A 16-gigabyte iPhone 4S costs 4,988 yuan at Apple’s online store in China.
Leung, who spoke before a ceremony to unveil the new Windows Phone 7.5 operating system in China, declined to discuss specific handsets using the system.
A post on Microsoft’s Windows Phone Blog said that HTC has started selling the first Windows Phone in the country. The HTC Eternity is an unlocked handset with a 4.7-inch screen, front-and rear-facing cameras, and comes with popular Chinese apps, the blog said, without giving the price for the handset.
Winston Yung, chief financial officer and spokesman for Taoyuan, Taiwan-based HTC, didn’t immediately answer calls to his mobile phone after normal business hours today.
Microsoft plans to bring its Windows Phone software to 23 more countries for a total of 63 and put the operating system on less expensive smartphones, it said last month. The company aims to move quickly in developing economies, where Google and Apple are less dominant, before cheaper Android phones can strengthen Google’s position.
Windows Phone will account for 7.5 percent of the China market this year, trailing the 12 percent share of Apple’s IOS and Android’s 70 percent, said Teck-Zhung Wong, a Beijing-based analyst at IDC. By next year, Windows share will rise to 15 percent, surpassing Apple’s 13 percent, while still trailing Android’s 66 percent, he said.
“The Windows Phone ramp-up in China won’t really begin until the second quarter, so the numbers are still low,” Wong said. “From next year the ramp-up will be more rapid.”
By 2016, Windows Phone is forecast to have a 20 percent share in China, ahead of Apple’s 16 percent and trailing Google’s 60 percent, Wong said.
Windows Phone will gain market share from Apple because it represents a “fresh proposition” as an alternative and will also feature in a wider range of devices, Wong said.

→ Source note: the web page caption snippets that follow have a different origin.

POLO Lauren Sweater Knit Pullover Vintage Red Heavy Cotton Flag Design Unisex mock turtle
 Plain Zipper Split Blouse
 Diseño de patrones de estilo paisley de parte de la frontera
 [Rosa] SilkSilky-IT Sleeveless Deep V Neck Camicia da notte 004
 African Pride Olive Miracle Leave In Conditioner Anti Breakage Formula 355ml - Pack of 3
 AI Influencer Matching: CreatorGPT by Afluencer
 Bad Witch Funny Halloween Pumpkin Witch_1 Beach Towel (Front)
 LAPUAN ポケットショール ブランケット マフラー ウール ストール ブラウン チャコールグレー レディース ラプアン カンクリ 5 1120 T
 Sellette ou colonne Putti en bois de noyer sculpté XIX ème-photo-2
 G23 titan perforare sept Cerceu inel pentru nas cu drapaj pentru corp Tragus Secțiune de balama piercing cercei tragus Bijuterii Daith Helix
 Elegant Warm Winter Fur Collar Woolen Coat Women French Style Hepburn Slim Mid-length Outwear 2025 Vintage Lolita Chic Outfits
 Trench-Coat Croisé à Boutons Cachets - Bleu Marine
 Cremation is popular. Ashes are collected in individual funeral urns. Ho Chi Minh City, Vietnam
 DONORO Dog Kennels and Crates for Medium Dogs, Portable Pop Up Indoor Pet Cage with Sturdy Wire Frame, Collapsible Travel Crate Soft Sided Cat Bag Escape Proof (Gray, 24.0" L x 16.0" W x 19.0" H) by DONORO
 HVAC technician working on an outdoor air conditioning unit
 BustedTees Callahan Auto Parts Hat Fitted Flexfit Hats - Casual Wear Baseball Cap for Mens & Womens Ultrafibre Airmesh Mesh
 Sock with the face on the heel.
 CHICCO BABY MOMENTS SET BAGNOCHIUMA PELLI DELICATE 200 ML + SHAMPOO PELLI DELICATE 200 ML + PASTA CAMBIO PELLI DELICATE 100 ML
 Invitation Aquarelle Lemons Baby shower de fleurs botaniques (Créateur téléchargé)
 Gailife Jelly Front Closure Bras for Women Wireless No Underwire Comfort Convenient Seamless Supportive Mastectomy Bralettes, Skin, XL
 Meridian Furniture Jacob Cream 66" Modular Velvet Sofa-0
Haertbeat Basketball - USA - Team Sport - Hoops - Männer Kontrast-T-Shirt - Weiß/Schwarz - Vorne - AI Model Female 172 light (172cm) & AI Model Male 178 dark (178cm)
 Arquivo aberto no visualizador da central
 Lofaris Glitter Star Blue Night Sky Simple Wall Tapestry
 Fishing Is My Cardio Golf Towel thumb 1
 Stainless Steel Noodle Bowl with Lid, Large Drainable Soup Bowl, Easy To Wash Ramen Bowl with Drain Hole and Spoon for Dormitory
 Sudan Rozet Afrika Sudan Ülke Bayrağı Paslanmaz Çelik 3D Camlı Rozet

“Windows Phone will have a lot of equipment manufacturing partners and more device choice at more different price points,” Wong said. “That alone, as opposed to what Apple is doing, will give Windows Phone an advantage.”
Sandy Shen, a Shanghai-based analyst with Gartner Inc. said Microsoft will have to fight against the prevalence of iPhone and Android devices at the high-end of the market.
“It will take a while before people appreciate the offering,” Shen said. “It’s never too late for a really good product, but there are still improvements to be made on the Windows Phone device itself and to establish the ecosystem.”
Microsoft is exploring the possibility of opening its own retail stores in the country, Leung said today.
He also said he met with senior Chinese leaders yesterday to discuss the nation’s ban on game consoles, including Microsoft’s Xbox, without making any progress.
The ban is “a little bit frustrating,” Leung said.